## TASK DETAILS
After finding the line with "Diverse lastoortsen in", restate it and each remaining line of the material word for word, omitting every picture.

## SOURCE MATERIAL
*****
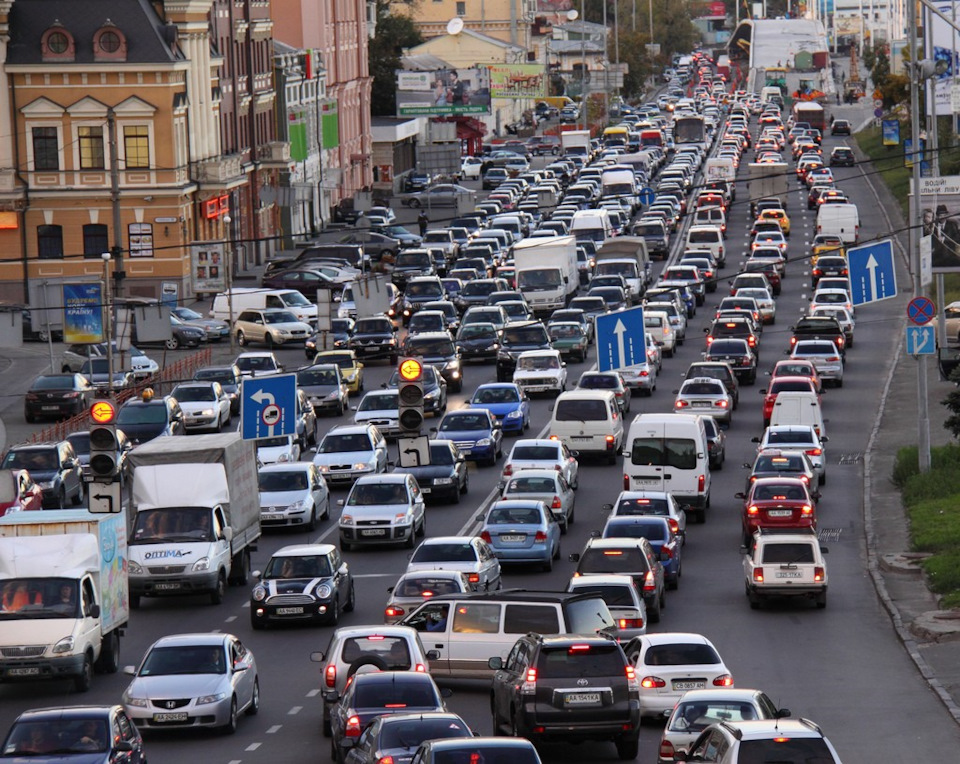 Можно ли вложить деньги в автомобиль. Смотреть фото Можно ли вложить деньги в автомобиль. Смотреть картинку Можно ли вложить деньги в автомобиль. Картинка про Можно ли вложить деньги в автомобиль. Фото Можно ли вложить деньги в автомобиль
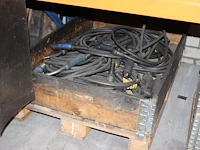 Diverse lastoortsen in palletbox. 9 stuks. - afbeelding 1 van  2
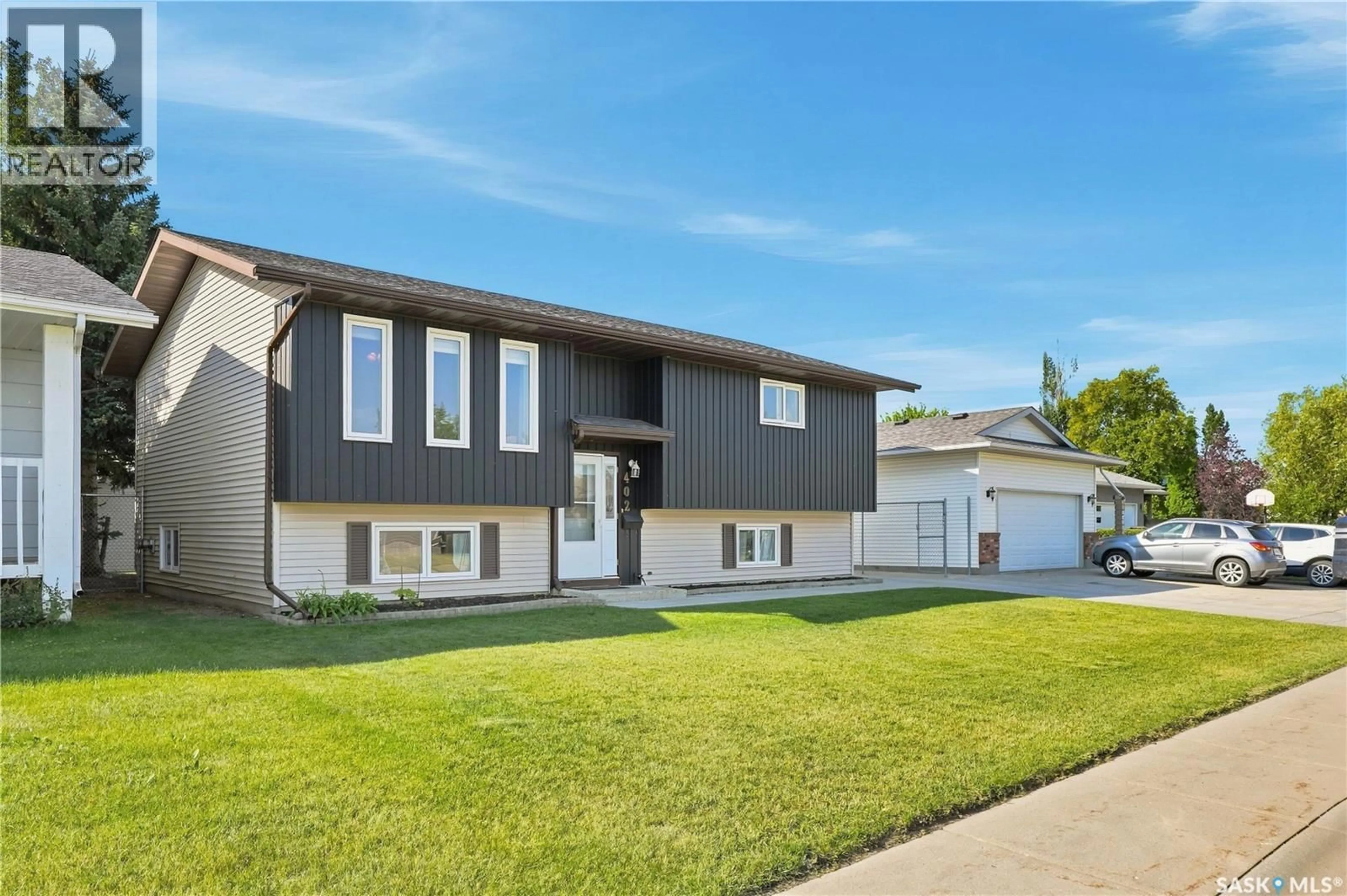 Home with vinyl exterior material, street for 402 FEHR CRESCENT, Martensville Saskatchewan S0K2T0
*****
## ANSWER FOR THIS EXERCISE
 Diverse lastoortsen in palletbox. 9 stuks. - afbeelding 1 van  2
 Home with vinyl exterior material, street for 402 FEHR CRESCENT, Martensville Saskatchewan S0K2T0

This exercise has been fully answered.